### Your objective
Give back the full listing, character for character, with no pictures.

### Data excerpt

((

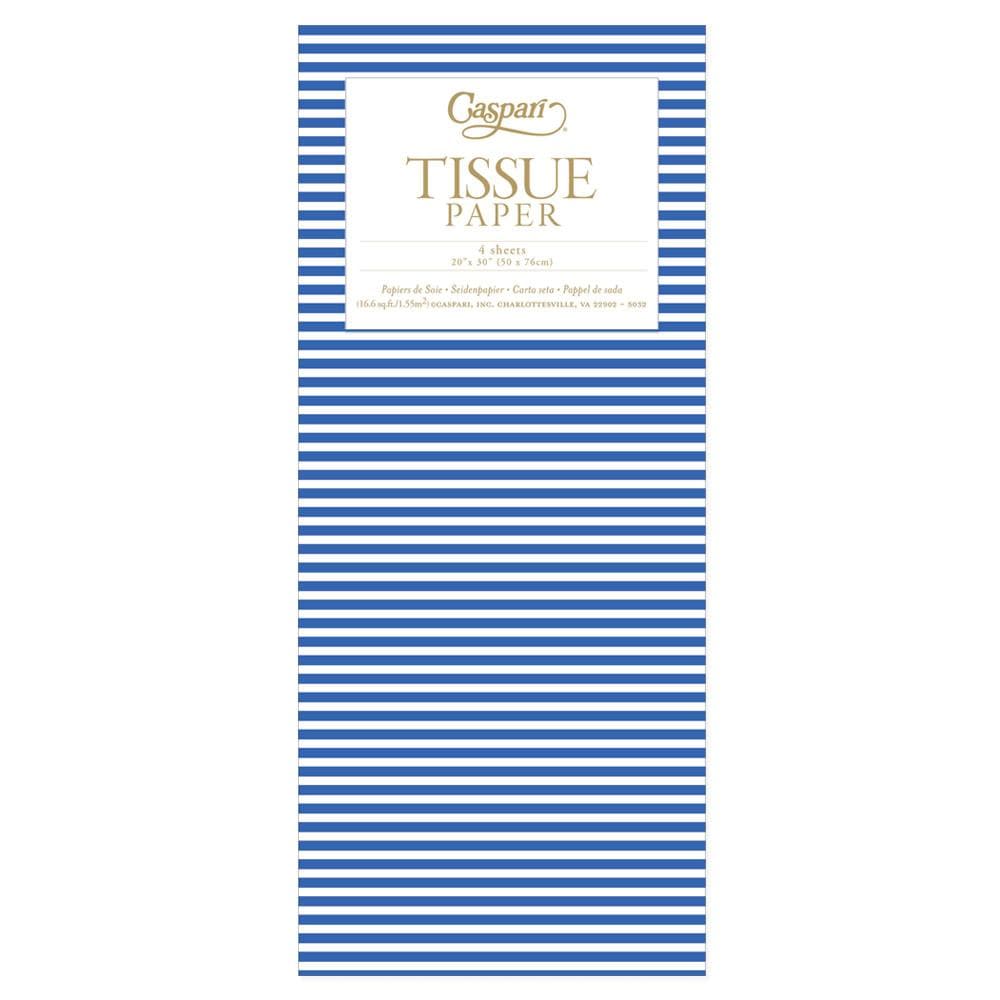 Mini Stripe Navy tissue box with navy blue stripes on white sheets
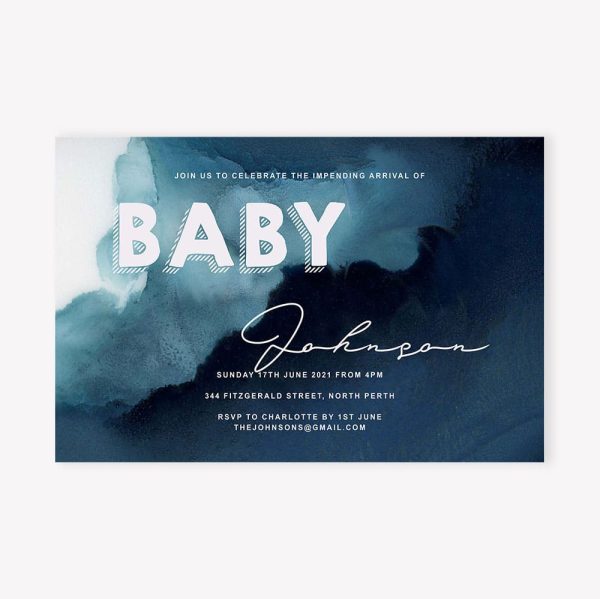 Baby shower invitation with navy watercolour background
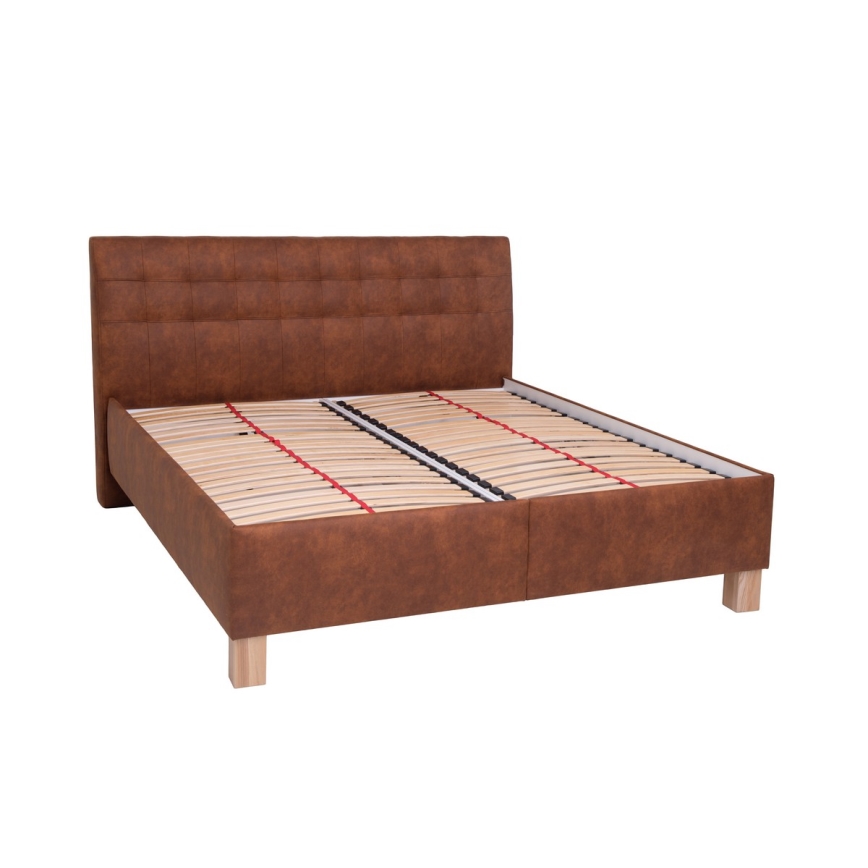 Cama tapizada con espacio de almacenamiento sin colchón VIOLET 180x200 cm coñac marrón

))

### Finished task
 Mini Stripe Navy tissue box with navy blue stripes on white sheets
 Baby shower invitation with navy watercolour background
 Cama tapizada con espacio de almacenamiento sin colchón VIOLET 180x200 cm coñac marrón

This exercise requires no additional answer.